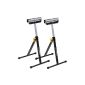 2 x folding dollies dolly roller block workbench Material stand height adjustable 30cm wide - a maximum of 60 kg Load - POWX0700T_Bdl (Misc.)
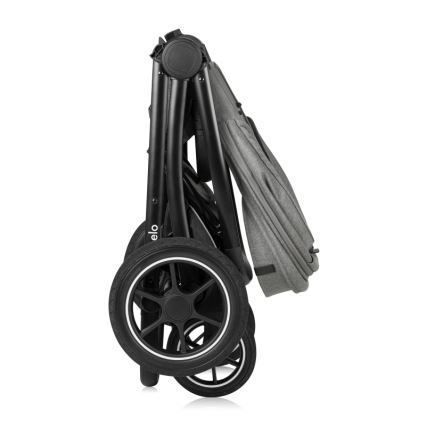 Lionelo - Комбинирана бебешка количка 3 в 1 MERIL Grey Stone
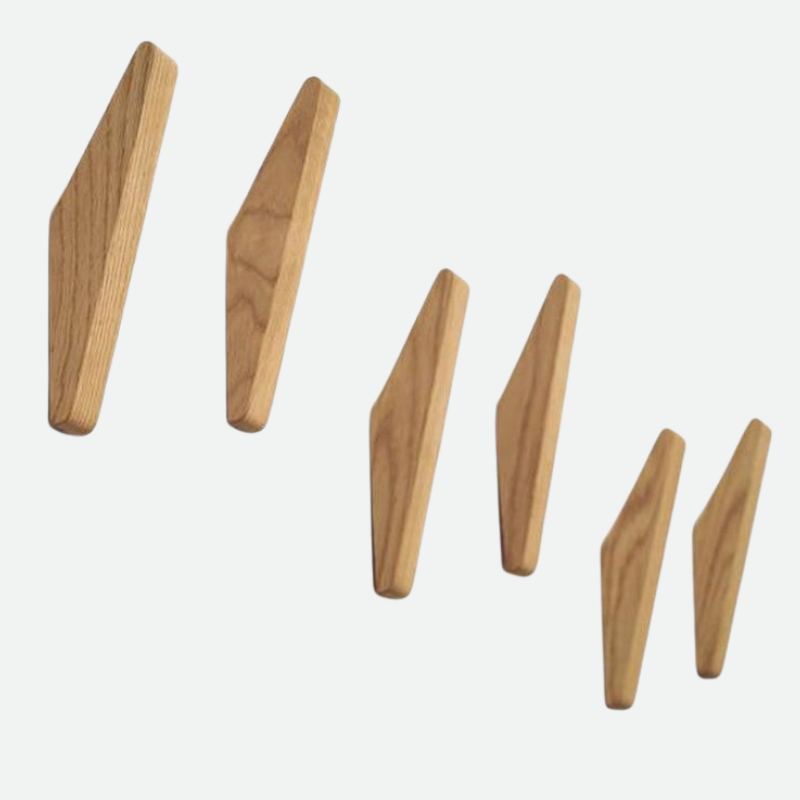 Bela Wandhaken Set van 2 | Handgemaakt Hout, Duurzaam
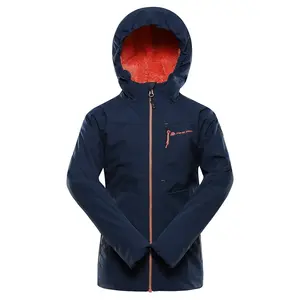 Dětská bunda s ptx membránou alpine pro temuno modrá 140-146
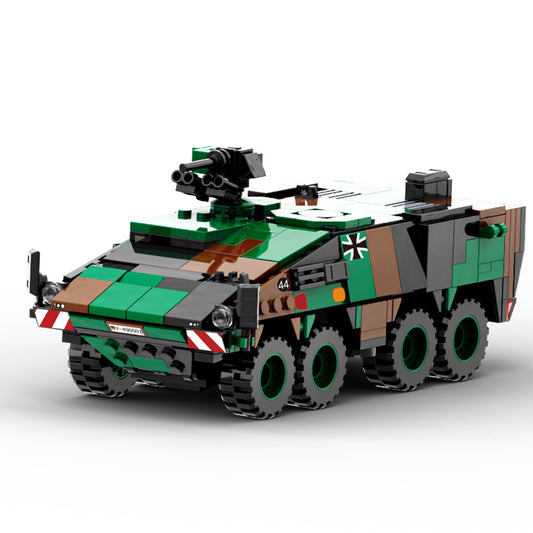 carro armato militare, mattoncini da costruzione per bambini, WW2 militari, compatibili con Lego Cobi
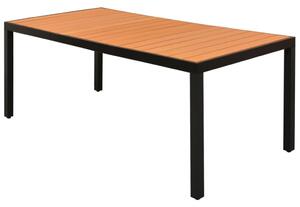VidaXL Vrtni stol smeđi 185 x 90 x 74 cm aluminijum i WPC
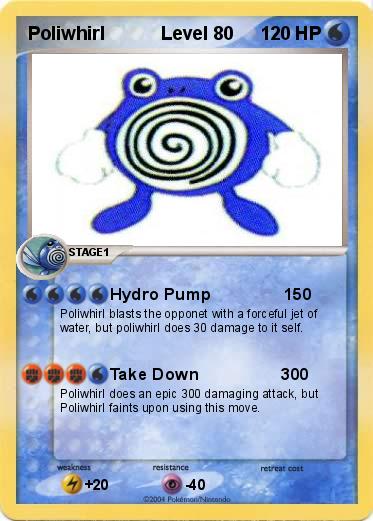Pokemon Poliwhirl           Level 80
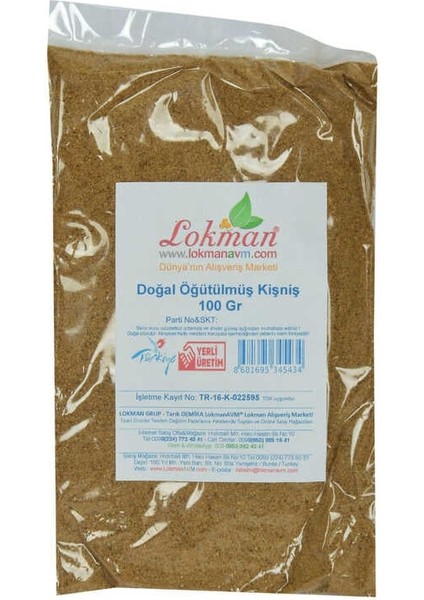 Kişniş Doğal Öğütülmüş 100 gr Paket fiyatları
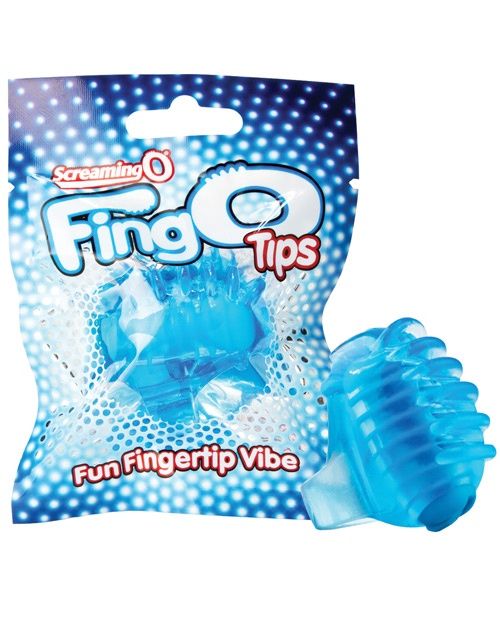 Screaming O FingO Tips, COLOR: Blue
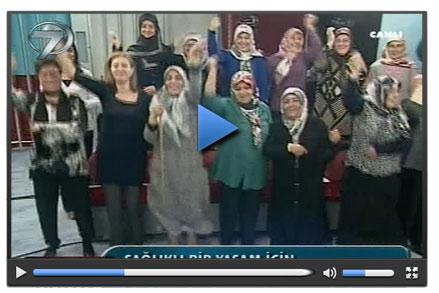 Kanal 7'de Gangnam Style şarkısıyla sabah sporu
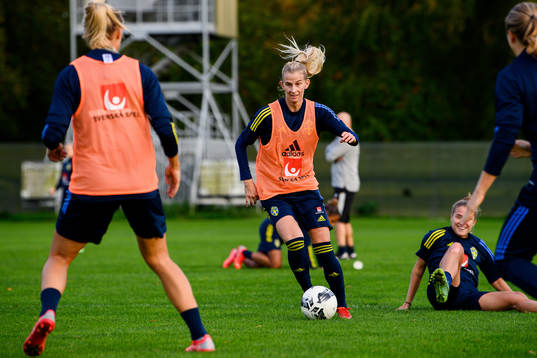 Sofia Jakobsson of the Swedish women's national football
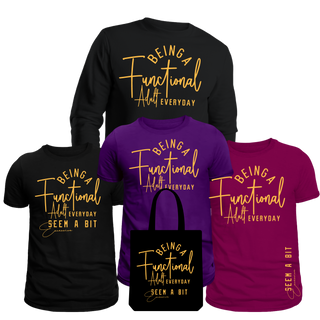 Being Functional Adult Everyday Screen Print Transfer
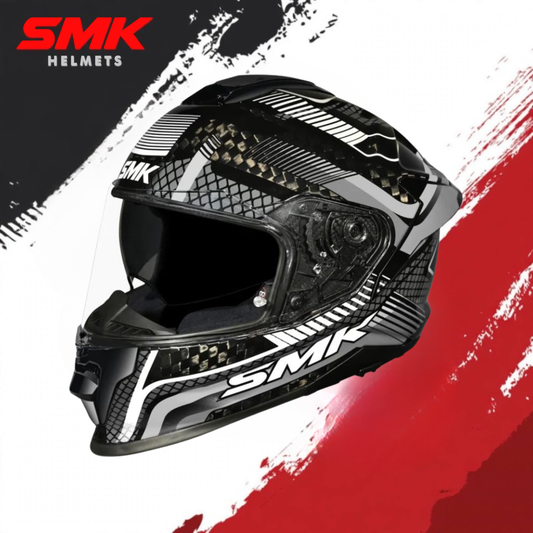 SMK Titan Carbon Razor – Full Face Helmets – GL 261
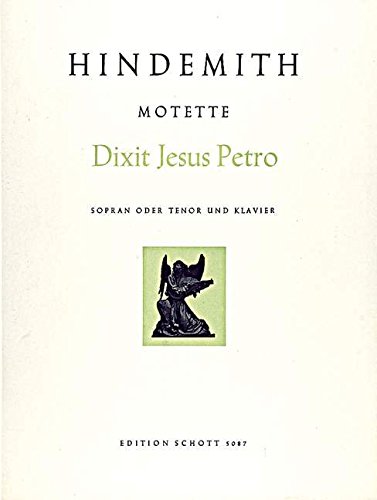Book SCHOTT HINDEMITH PAUL - 13 MOTETTEN - SOPRANO OR TENOR AND PIANO Partition classique Vocale - chorale Voix solo, piano free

Instructions for the task: Could you output the full set of entries exactly, skipping every picture?

The completed task:
 2 x folding dollies dolly roller block workbench Material stand height adjustable 30cm wide - a maximum of 60 kg Load - POWX0700T_Bdl (Misc.)
 Lionelo - Комбинирана бебешка количка 3 в 1 MERIL Grey Stone
 Bela Wandhaken Set van 2 | Handgemaakt Hout, Duurzaam
 Dětská bunda s ptx membránou alpine pro temuno modrá 140-146
 carro armato militare, mattoncini da costruzione per bambini, WW2 militari, compatibili con Lego Cobi
VidaXL Vrtni stol smeđi 185 x 90 x 74 cm aluminijum i WPC
Pokemon Poliwhirl           Level 80
 Kişniş Doğal Öğütülmüş 100 gr Paket fiyatları
 Screaming O FingO Tips, COLOR: Blue
 Kanal 7'de Gangnam Style şarkısıyla sabah sporu
 Sofia Jakobsson of the Swedish women's national football
 Being Functional Adult Everyday Screen Print Transfer
 SMK Titan Carbon Razor – Full Face Helmets – GL 261
Book SCHOTT HINDEMITH PAUL - 13 MOTETTEN - SOPRANO OR TENOR AND PIANO Partition classique Vocale - chorale Voix solo, piano free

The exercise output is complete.